The city’s lawyers say the Hong Kong immigration department, not the mainland Chinese border police, should be in charge of entry and exit control checks for passengers entering and leaving the city, citing its mini-constitution, the Basic Law.

 

Hong Kong’s status as a separate legal jurisdiction had until recent years protected its residents and visitors from arbitrary prosecutions carried out for political reasons.

 

But student protesters, pro-democracy lawmakers, and “localist” politicians who want a greater degree of separation from mainland China have been jailed, disqualified, and stripped of office in recent years as Beijing’s National People’s Congress standing committee has staged a string of high-profile interventions in the city’s political life.

 

Rights groups have warned that peaceful dissidents could now also face the threat of arbitrary detention by Chinese law enforcement in the station, within Hong Kong city limits.

 

The HKJA said the public is “highly concerned” about the arrangement, which cedes control over part of the city’s territory to China.

 

“The commissioning of the Mainland Port Area and the stationing of mainland officers at the terminus will bring about profound impacts in Hong Kong,” the group said.

 

Government broadcaster RTHK quoted Lam as saying that some of the officers will be on overnight shifts at the station, but they won’t be allowed to leave the mainland-controlled area and will head back across the internal border once their shifts are over.

 

Legislative Council (LegCo) member and barrister Tanya Chan accused the Hong Kong government of giving “cagey” responses to media questions about the details of the new arrangement, which was billed as a convenient way to speed high-speed rail passengers through immigration controls.

 

“The general public was under the impression that no mainland law enforcement personnel would remain in the mainland port area of the terminus outside of train running times, and that they would come back the next day; that was the original plan,” Chan said. “

 

But the investigative news agency FactWire published a photo of a sign that read “Entry and Exit Bureau security staff dormitory,” suggesting overnight sleeping arrangements were likely.

 

Secret floor

 

Chan also hit out at revelations of a hitherto entirely secret B5 basement floor by the HK01 news website that hadn’t been in published plans of the station.

 

Station operators the MTR Corporation said the B5 floor was for “emergency” use, and wasn’t under mainland Chinese control.

 

Chan called on the Hong Kong government to make public the documentation related to the newly revealed B5 basement floor, the existence of which was until Tuesday only known to a “small circle” of people, according to HK01.

 

“The MTR claims that this is an escape route, but I think this is a bit paradoxical,” Chan said. “If it’s an emergency escape route, then why do only a few people know about it?

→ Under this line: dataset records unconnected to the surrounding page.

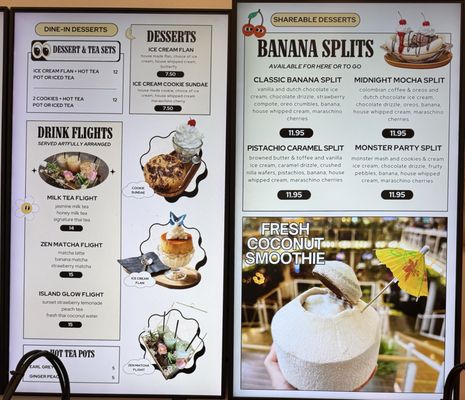 Menu photo 5 Mini Monster Cafe Long Beach, CA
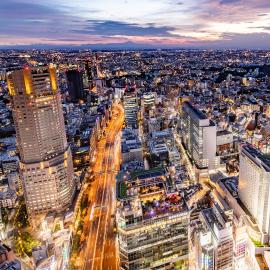 Cerulean Tower Tokyu Hotel, A Pan Pacific Partner Hotel, Hotel in Tokio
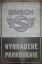 Retro tabuľka – Simson Vyhradené parkovanie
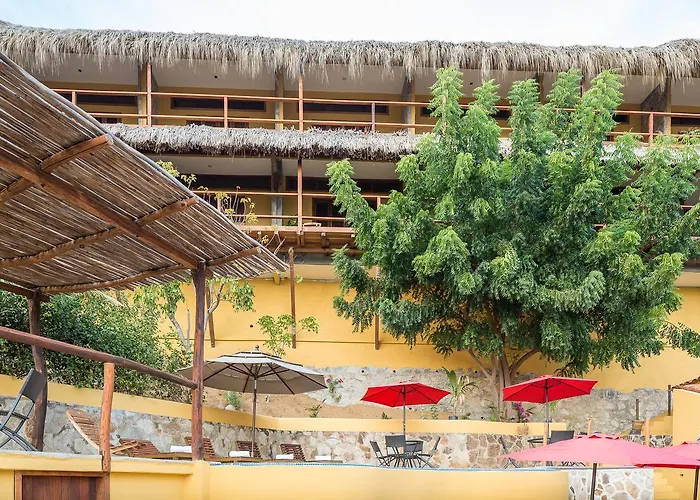 Hotel Casa la Ola San Agustinillo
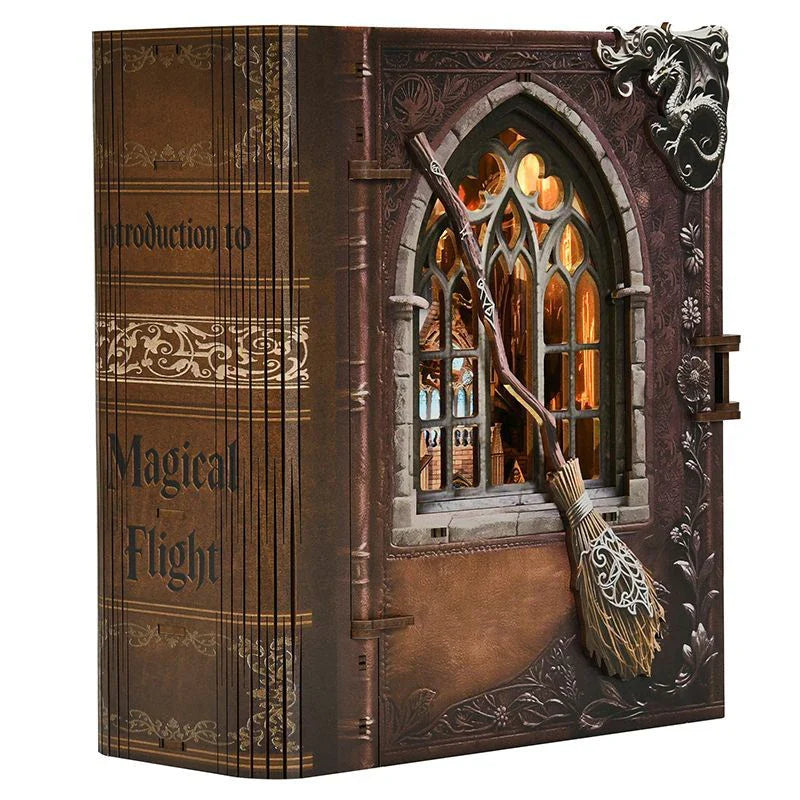Book Nook - Introduction to Magical Flight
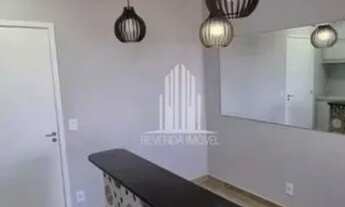 Imagem 3: Apartamento para venda tem 41 metros quadrados com 2 quartos em Parque Arariba - São Paulo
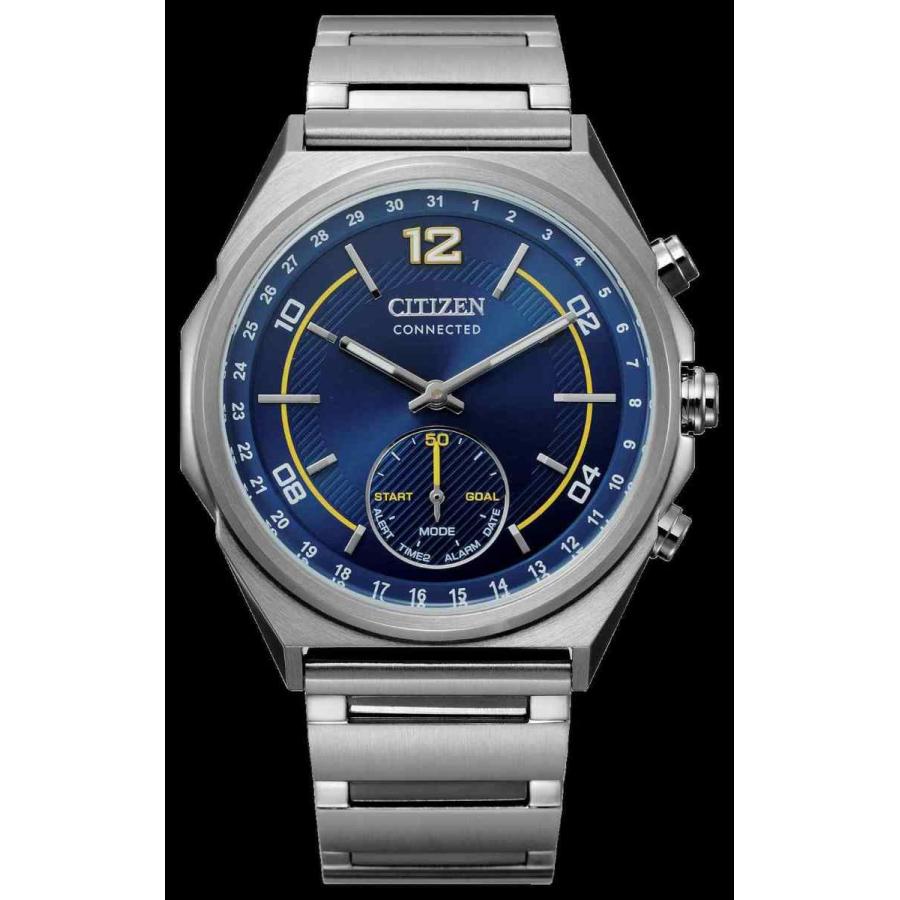 citizen connected watch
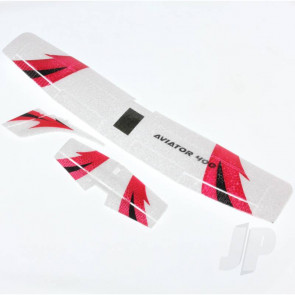Sonik RC Main Wing and Tail, Painted (Aviator 400)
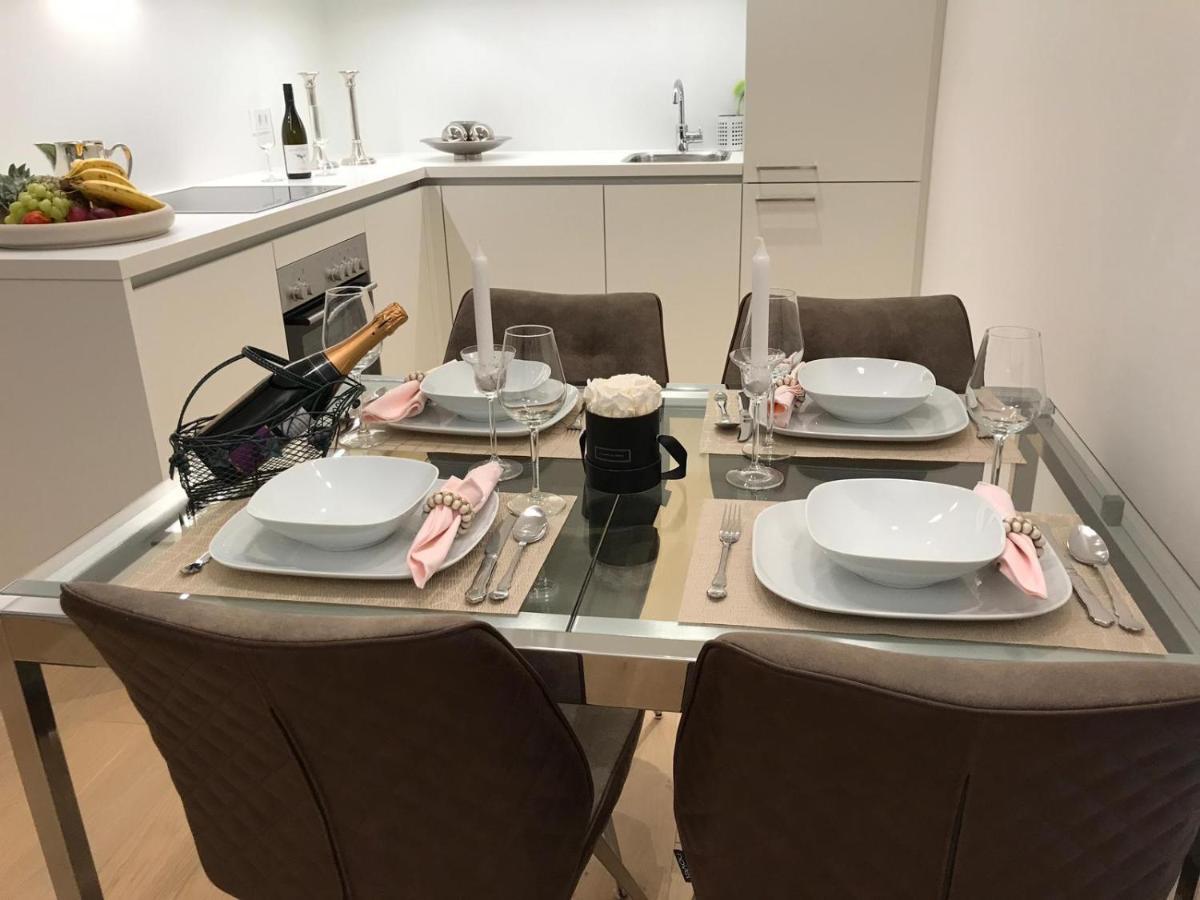 Cityapartments Виена Екстериор снимка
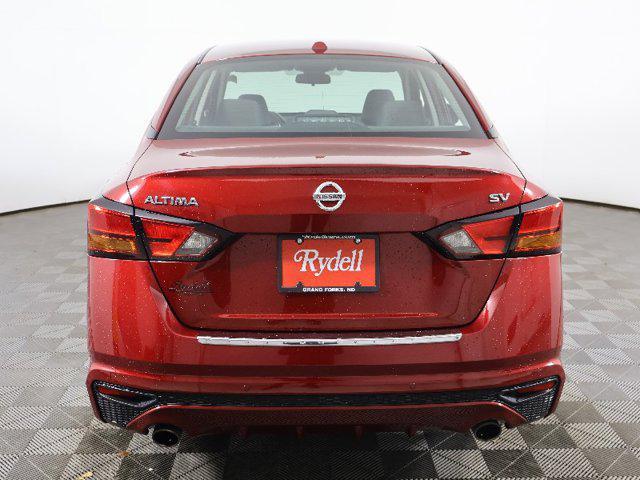 used 2022 Nissan Altima car, priced at $19,999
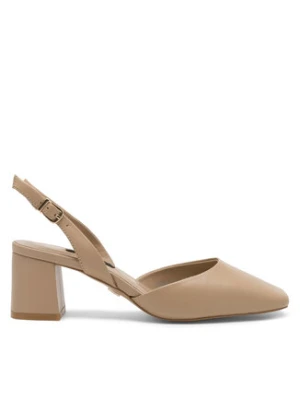 GINO ROSSI Czółenka TEODORA-VII97-39 Beżowy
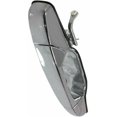 thumbnail image 4 of JADODE Chrome Front Right Side Exterior Door Handle Fits 2007-2013 Chevy Avalanche Silverado Suburban Tahoe,Cadillac Escalade,GMC Sierra Yukon Yukon XL 1500 2500 Passenger Outer Door Handle -22738722, 4 of 6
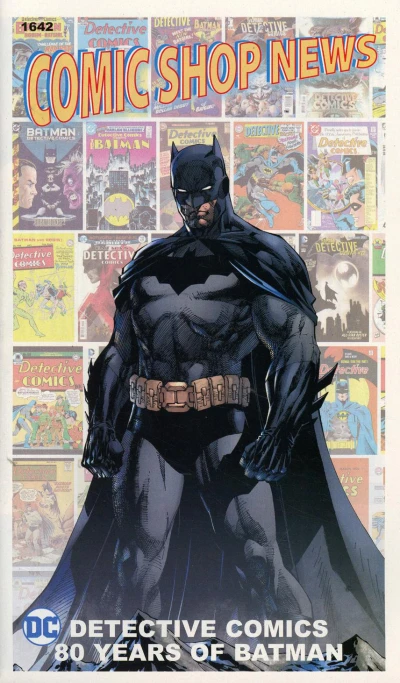 Cover of Issue #1642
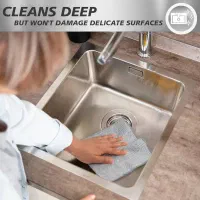 دستمال تنظیف، دستمال جادویی نانو فایبر|سفره، حوله، دستمال آشپزخانه|زابل, |دیوار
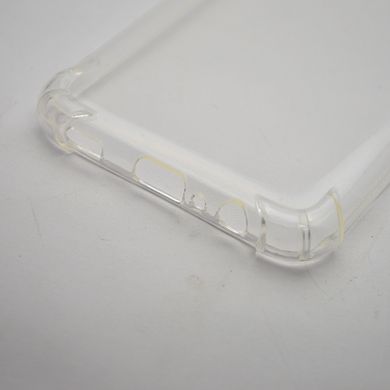Прозрачный чехол TPU WXD Getman для Samsung A04e Galaxy A042 Transparent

Surely the whole point of an escape route is that a lot of people know about it?”

 

Meanwhile, Hong Kong’s Ming Pao newspaper reported that the MTR would foot the bill for feeding 700 mainland staff at the station, at a cost of around U.S. $12 million a year.

 

The MTR said in a news release on Tuesday that around 20,000 visitors had turned up to look at the terminus on its open day event over the weekend.

 

“Impressed by the magnificent design of the station, visitors grasped the opportunity to familiarize themselves with station facilities,” the corporation said.

 

High-speed “bullet trains” will start operating between Hong Kong and the mainland Chinese high-speed network on Sept. 23, it said.

 

Under the terms of the 1997 handover to China, Hong Kong was promised a “high degree of autonomy” and the maintenance of existing freedoms of speech, publication and association, as well as a separate legal jurisdiction, for at least 50 years.

 

But recent interventions by Beijing in the political and cultural life of the city, including edicts from the National People’s Congress that resulted in the disqualification of democratically elected lawmakers and potential election candidates, have led many to conclude that those freedoms are likely a thing of the past.